Please tell us about your revision process, with this story as an example. How many drafts do you typically take a story of this length through? How do you decide when it’s time to start submitting a story?
I wrote a draft of this story maybe three years ago, but I wasn’t sure what the story really wanted to be about, besides imaginary children coming back without asking permission of their original imaginer. It took me a few drafts to realize I didn’t know what I was doing. I put the story aside for a little while and when I stumbled across it again a couple months ago, I knew what it wanted to be. This version went through only one or two drafts (although maybe that’s because I was subconsciously revising it for three years). In terms of how many drafts a story of this length takes, for me, it varies widely from story to story. Which is too bad. I wish I had a set number so I’d know when to stop.
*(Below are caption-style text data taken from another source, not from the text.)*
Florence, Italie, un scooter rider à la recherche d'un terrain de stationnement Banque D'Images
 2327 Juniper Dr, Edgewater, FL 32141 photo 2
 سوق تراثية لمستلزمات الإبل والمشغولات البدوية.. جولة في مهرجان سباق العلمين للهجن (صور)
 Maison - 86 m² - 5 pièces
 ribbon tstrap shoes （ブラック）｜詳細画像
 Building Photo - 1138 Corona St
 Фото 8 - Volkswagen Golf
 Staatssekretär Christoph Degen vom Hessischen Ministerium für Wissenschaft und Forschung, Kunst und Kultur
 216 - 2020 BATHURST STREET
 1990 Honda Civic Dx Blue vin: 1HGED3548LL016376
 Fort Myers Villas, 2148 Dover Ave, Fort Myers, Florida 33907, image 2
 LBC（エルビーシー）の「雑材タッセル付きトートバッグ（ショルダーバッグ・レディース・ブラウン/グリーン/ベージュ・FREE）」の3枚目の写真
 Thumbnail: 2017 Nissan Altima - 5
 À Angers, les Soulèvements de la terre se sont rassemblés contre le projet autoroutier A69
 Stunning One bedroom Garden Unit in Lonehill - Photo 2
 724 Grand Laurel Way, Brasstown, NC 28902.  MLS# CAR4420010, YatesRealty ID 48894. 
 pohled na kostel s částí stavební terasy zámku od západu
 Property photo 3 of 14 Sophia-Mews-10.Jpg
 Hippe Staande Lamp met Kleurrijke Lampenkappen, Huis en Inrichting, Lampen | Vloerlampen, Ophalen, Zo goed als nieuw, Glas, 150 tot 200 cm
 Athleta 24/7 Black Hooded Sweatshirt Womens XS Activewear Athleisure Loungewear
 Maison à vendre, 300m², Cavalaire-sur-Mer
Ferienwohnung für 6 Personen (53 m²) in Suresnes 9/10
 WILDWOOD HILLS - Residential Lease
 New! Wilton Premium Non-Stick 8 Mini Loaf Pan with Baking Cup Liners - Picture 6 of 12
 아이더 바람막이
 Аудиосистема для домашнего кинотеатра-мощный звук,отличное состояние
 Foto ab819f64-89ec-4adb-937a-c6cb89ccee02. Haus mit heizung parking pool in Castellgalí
What writing projects are you working on now?
I’m working on a novel about a lot of things, including ghosts, self-published romance novels, birds, and building superintendents. I’m also finishing my story collection, which deals with some (but not all) of those subjects too.
What have you read recently that you’d like to recommend?
Silvina Ocampo’s Thus Were Their Faces: Selected Short Stories, which contains one of my new favorite lines: “Surviving childhood is a severe test on the faculty of reasoning.” Also, W.G. Sebald’s The Emigrants and Hisaye Yamamoto’s story collection, Seventeen Syllables.